PROBLEM REQUIREMENTS: Please retype the data that follows, starting at the line containing "Golden Blonde hair color sample" and stopping after the last line.

SUPPLIED INFORMATION:

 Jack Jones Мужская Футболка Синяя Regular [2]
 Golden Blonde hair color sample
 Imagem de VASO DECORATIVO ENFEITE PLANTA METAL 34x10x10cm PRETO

ANSWER TO THIS EXERCISE:
 Golden Blonde hair color sample
 Imagem de VASO DECORATIVO ENFEITE PLANTA METAL 34x10x10cm PRETO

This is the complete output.